Mutual Funds (CIS): The Investment Buffet 💰

Think of collective investment schemes like a communal fund pot. Everyone chips in and a professional mixes in stocks, bonds, or focus in a sector like real estate and technology. You don’t own the individual assets, but you own a piece of the fund.

Why CIS are awesome:

  • Diversification: your money is spread across many options, not just one.

  • Professional management: hands-on from people who know what they’re doing.

Fees and commissions apply, of course. But they're managed by professionals. However, they also tend to have certain barrier to entry rules like minimum investment and holding periods.

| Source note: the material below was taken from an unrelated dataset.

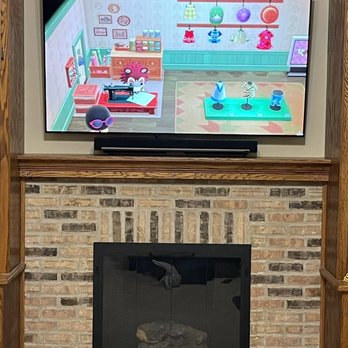 HDforever Electric Solutions - Mounted the tv, installed a new power outlet behind the tv and ran all the cables to the cabinet to the left of the TV. Absolutely perfect! - Home Theatre Installation Near Me - Lake Zurich, Illinois HDforever Electric Solutions - Mounted the tv, installed a new power outlet behind the tv and ran all the cables to the cabinet to the left of the TV. Absolutely perfect! - Home Theatre Installation Near Me - Lake Zurich, Illinois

Hot Out Of The Microwave ♚

Here’s the exciting part, the Ethiopian Capital Market Authority (ECMA) just dropped a draft directive filled with investor-friendly upgrades to Collective Investment Schemes:

  • Types of CIS Defined: From public money-market funds, mutual funds, real estate investment funds (REITs). They’ve got categories for almost every flavor

  • Clear Legal Structures: CIS must be registered as a Share Company, Private Limited Company (PLC), Limited Partnership, or an Investment Company recognized by ECMA

  • Service Providers Required: Every scheme needs a licensed Operator, Custodian, and appropriate professional parties. Think auditors, advisors, shariah watchers if needed

  • Rock-Solid Investment Policy: Not a vague anything-goes plan. Each fund must clearly outline objectives, asset allocation, diversification thresholds, and borrowing limits. Any changes require two-thirds investor approval

  • Portfolios with Limits: Mutual Funds can only invest up to 20% in one entity (except federal government instruments), keeping them diversified and robust

  • REIT Rules Are Tight: These funds must put at least 80% of assets into real, income-generating properties, limit concentration exposure to 20%, and appoint licensed property managers and appraisers

  • Strict Governance & Transparency: Prospectuses must disclose investment strategy, manager credentials, fees, risks, board details, redemption terms. Basically everything a curious investor would want to know

Big Picture

A good portfolio matches your specific needs: balanced, varied, and suited to your risk-reward appetite. The ECMA directive adds structure, oversight, and confidence to mutual funds in Ethiopia’s growing market. Whether you’re building capital for a steady passive income or going up the wealth ladder, now you’ve got the tools and the rules on your side.

REITs also unlock a flood of money from savers directed to real estate developers. Check out our deep dive in December.

We’re going into exciting times of increased saving and investment choices. Get familiar and be ready to explore the different investment options.